季节内振荡（MJO）为热带大气次季节尺度上最主要的模态，也是延伸期预报中最重要的可预报性来源。理解MJO的传播机制具有重要的科学意义和现实意义。高频天气尺度活动的升尺度反馈作用在MJO东移过程中扮演重要角色，但已有研究成果仍具有不确定性。本项目拟利用高时空分辨率的再分资料（ERA-Interim）以及最新的多模式资料（MJOTF/GASS）进行分析诊断并结合数值试验，揭示MJO对应的天气尺度活动特征并研究高频活动对MJO传播的影响。包含以下内容：1）分析大气高频活动与MJO对流的位相配置关系；2）定量诊断高频活动引起的非线性平流对于水汽东-西不对称分布的相对贡献，阐明高频活动对MJO移动的升尺度反馈作用；3）分析多模式结果中高频活动与季节内振荡信号东移的对应关系，揭示模式中高频活动对于MJO传播的重要性。项目研究成果将提升对热带气候动力过程的理解，并为改进模式模拟和预报MJO提供依据。

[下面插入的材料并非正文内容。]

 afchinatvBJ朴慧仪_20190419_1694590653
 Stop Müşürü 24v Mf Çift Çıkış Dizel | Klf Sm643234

季节内振荡(MJO)为热带大气次季节尺度上最主要的模态，也是延伸期预报中最重要的可预报性来源。然而现有的线型理论无法完美的解释观测中MJO的东传现象，且当前的动力模式对MJO传播的模拟能力也十分有限。已有研究表明高频天气尺度活动引起的非线性过程会对MJO产生升尺度反馈，在MJO东移过程中扮演重要角色，但已有研究成果仍具有不确定性。..本项目从观测资料诊断和数值试验两方面，系统考察了MJO传播与大气高频活动之间的双向关系，定量诊断了高频活动对MJO对流传播的贡献，研究了不同种类高频扰动在MJO传播中所起起的作用，评估了数值模式对MJO与高频活动之间关系的模拟能力。研究结果揭示了MJO对流通过影响正压能量转换对高频活动的调制作用，明确了高频活动引起的水汽非线性平流对MJO对流东移的定量贡献，指出赤道罗斯贝波和开尔文波均对MJO对流东移起正的贡献作用，揭示出当前CMIP6耦合模式对高频活动的模拟偏差。..研究结果加深了对热带多尺度相互作用过程的理解，为改进模式模拟和预报MJO提供依据，从而有益于提高延伸期尺度上的天气预报能力。